→ EXERCISE INSTRUCTIONS
Leave the pictures out and restate each entry below word for word.

Stored items from a collection
====
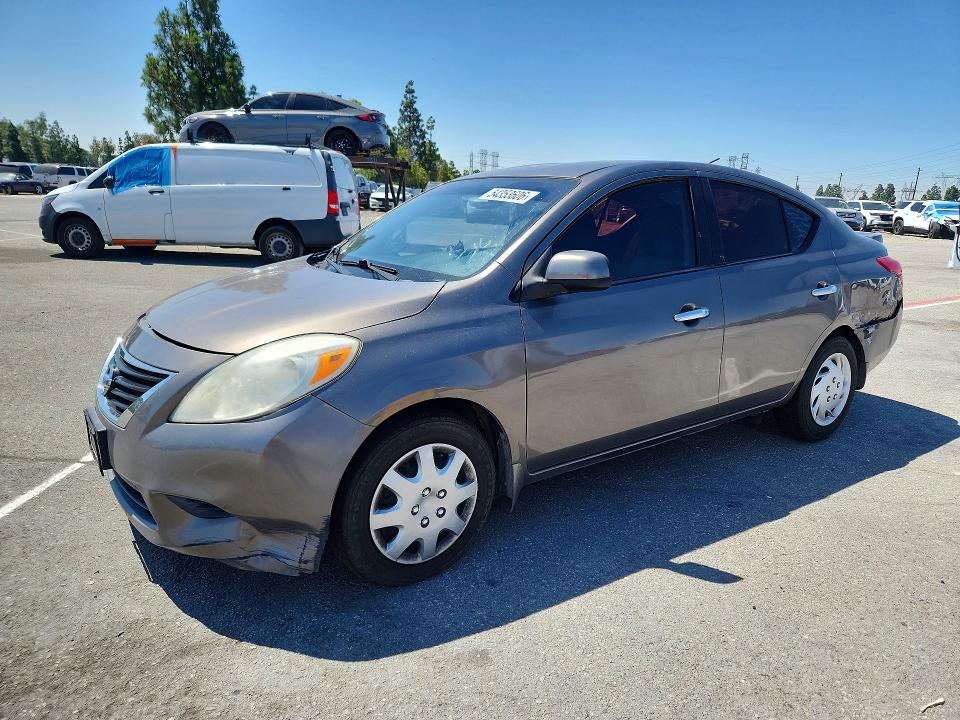 2013 Nissan Versa მანქანა იყიდება აუქციონზე, vin: 3N1CN7AP8DL892979, აუქციონის ნომერი: 54353606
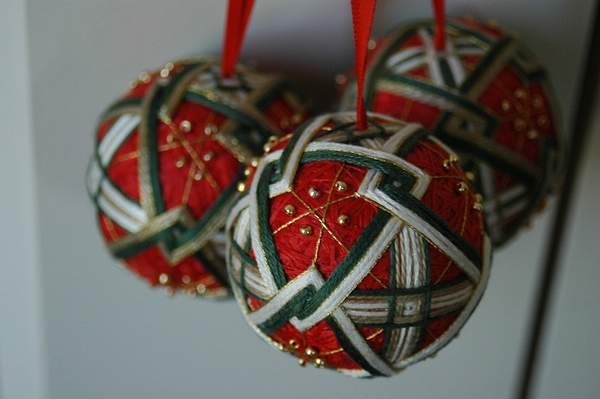 Фото 45: новогодние игрушки стран мира своими руками - японские игрушки темари как сделать легкую новогоднюю игрушку своими руками, фото 45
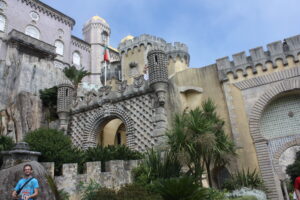 Palacio da Pena y vuelta por el puente rojo
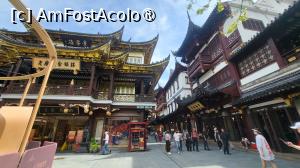 [P16] Bazarul Yuyuan (Bazarul Gradinii Yu) este o piata foarte animata, in care exista multe cladiri traditionale chinezesti, folosite in prezent ca magazine comerciale in care se vand produse locale, gustari, bijuterii, suveniruri, antichitati.  » foto by geani anto
 - 
<span class="allrVoted glyphicon glyphicon-heart hidden" id="av1508421"></span>
<a class="m-l-10 hidden" id="sv1508421" onclick="voting_Foto_DelVot(,1508421,11037)" role="button">șterge vot <span class="glyphicon glyphicon-remove"></span></a>
<a id="v91508421" class=" c-red"  onclick="voting_Foto_SetVot(1508421)" role="button"><span class="glyphicon glyphicon-heart-empty"></span> <b>LIKE</b> = Votează poza</a> <img class="hidden"  id="f1508421W9" src="/imagini/loader.gif" border="0" /><span class="AjErrMes hidden" id="e1508421ErM"></span>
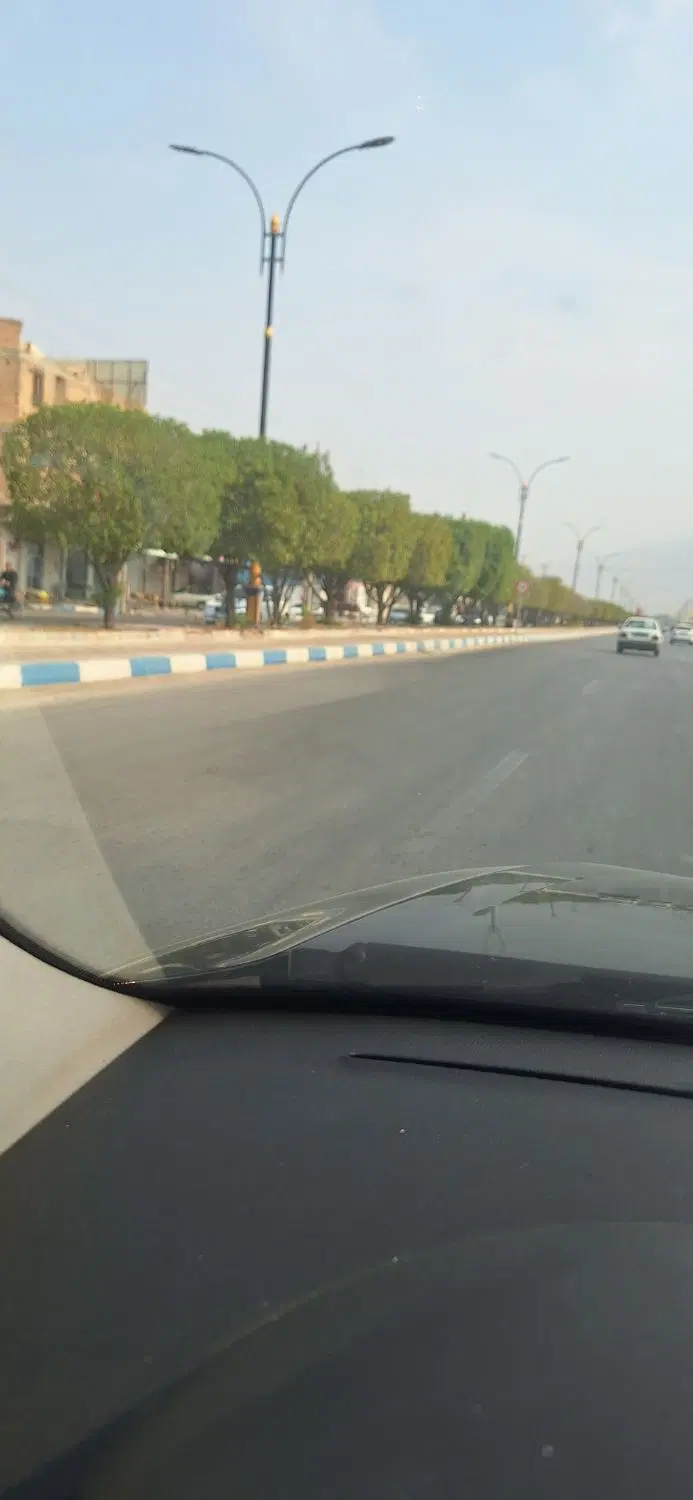 مغازه ۹۰ متری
====
→ OUTPUT FOR THIS EXERCISE
 2013 Nissan Versa მანქანა იყიდება აუქციონზე, vin: 3N1CN7AP8DL892979, აუქციონის ნომერი: 54353606
 Фото 45: новогодние игрушки стран мира своими руками - японские игрушки темари как сделать легкую новогоднюю игрушку своими руками, фото 45
 Palacio da Pena y vuelta por el puente rojo
 [P16] Bazarul Yuyuan (Bazarul Gradinii Yu) este o piata foarte animata, in care exista multe cladiri traditionale chinezesti, folosite in prezent ca magazine comerciale in care se vand produse locale, gustari, bijuterii, suveniruri, antichitati.  » foto by geani anto
 - 
<span class="allrVoted glyphicon glyphicon-heart hidden" id="av1508421"></span>
<a class="m-l-10 hidden" id="sv1508421" onclick="voting_Foto_DelVot(,1508421,11037)" role="button">șterge vot <span class="glyphicon glyphicon-remove"></span></a>
<a id="v91508421" class=" c-red"  onclick="voting_Foto_SetVot(1508421)" role="button"><span class="glyphicon glyphicon-heart-empty"></span> <b>LIKE</b> = Votează poza</a> <img class="hidden"  id="f1508421W9" src="/imagini/loader.gif" border="0" /><span class="AjErrMes hidden" id="e1508421ErM"></span>
 مغازه ۹۰ متری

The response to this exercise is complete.